Many factors can potentially alienate theatregoers

Matt Trueman

Matt Trueman

| London |

13 July 2015

Maxine Peake (the Skriker), Laura Elsworthy (Josie), Juma Sharkah (Lily)
Maxine Peake, Laura Elsworthy and Juma Sharkah in The Skriker, which is advertised as running for 90 minutes
© Jonathan Keenan

Received wisdom has it that it doesn't take much to put people off from attending the theatre.

Yes, West End attendances are growing year on year, there are early queues for day seats and returns, and, from where I'm sat, British theatre seems in pretty rude health. Health all the more remarkable given all the cuts to arts funding delivered in the name of, ugh, austerity.

Of course, I'm seeing this picture of health from a deeply privileged point of view – as someone who has been encouraged to build a theatregoing habit, as someone who knows where to go and how theatres work, and, over and above, as a critic with all the free tickets and interval drinks that entails.

Not everyone has anything like that relationship to the theatre though and attending can feel like an effort – especially given the ease and scope of a Netflix subscription, let alone the perceptions of theatre as an elitist art-form. In the bid to make it more accessible, theatres need to consider the structures surrounding a show as much as the show itself.

When buildings get this right, it can have a real impact. Two blogs last week really illustrated that. The first, by Lily Einhorn who oversees the Young Vic's Two Boroughs project, talks through its structures for making new audiences feel welcome: offering free first-time tickets to local residents, greeting them (by name) as they arrive and ensuring that they know what to expect.

In the second, Annabel Turpin, artistic director of the ARC in Stockton, explains the success of its Pay What You Can policy, which aims to take the financial risk out of theatregoing. In six months, attendances are up by 58% and income, up by 82% with a big jump in first-time visitors to boot.

It's not just the work onstage that counts towards our experience of the theatre. Everything does. Theatres have to remember that.

But, don't make it any harder for audiences than it already is. There are an infinite number of reasons not to come to the theatre. We don't need another one.

I'm writing this from the 16.55 from Manchester Piccadilly to London Euston.
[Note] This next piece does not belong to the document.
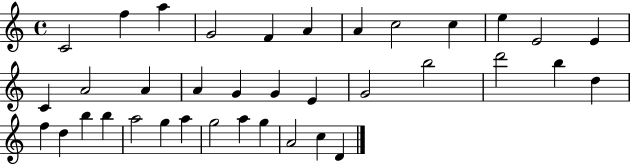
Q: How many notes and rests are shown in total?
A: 37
Not, as should have been the case, the 16.35. I missed that train and, were it not for a decent Virgin Rail employee, I'd have been £80 worse off on top of being sweat-soaked from a mad sprint across Manchester.

Why so? Simple. I was seeing The Skriker at the Royal Exchange on Sunday afternoon and, planning ahead, I'd checked the show's running time – 90 minutes, according to the theatre's website – in order to book a train home. Given a 2.30pm start, and allowing for a five minute delay at either end, it should have been down no later than 4.10pm, leaving 25 minutes for a stroll to the station. Plenty of time.

Instead, despite the show's starting on time, I got out of the theatre shortly after 4.25pm. The actual running time stands at 1 hour 50 minutes, leaving about eight minutes to make it to the station, some 15 minutes away.

Grumble, grumble. Grumble, grumble. Well, perhaps. Of course things change in rehearsal, shows swell and subside, and theatre, as a live art-form, is never entirely fixed. Some nights will start late. Others will overrun. All that is absolutely understandable.

However, a week into The Skriker's run and the theatre's website still says the show runs at 90 minutes. There was no notice in the theatre and no mention at the box office. To most, it won't matter. What's 20 minutes, after all?

Well, it's the difference between one train and another. It's a parent sat waiting in the car getting irritable. It's a taxi that gives up and moves on. Booking fees, queues for the loos, overpriced drinks and uninteresting, advert-heavy programmes, not to mention expensive tickets and uncomfortable seats – these are the things that drive audiences away, just as much as a dodgy show or two. This is what gives theatre a bad name.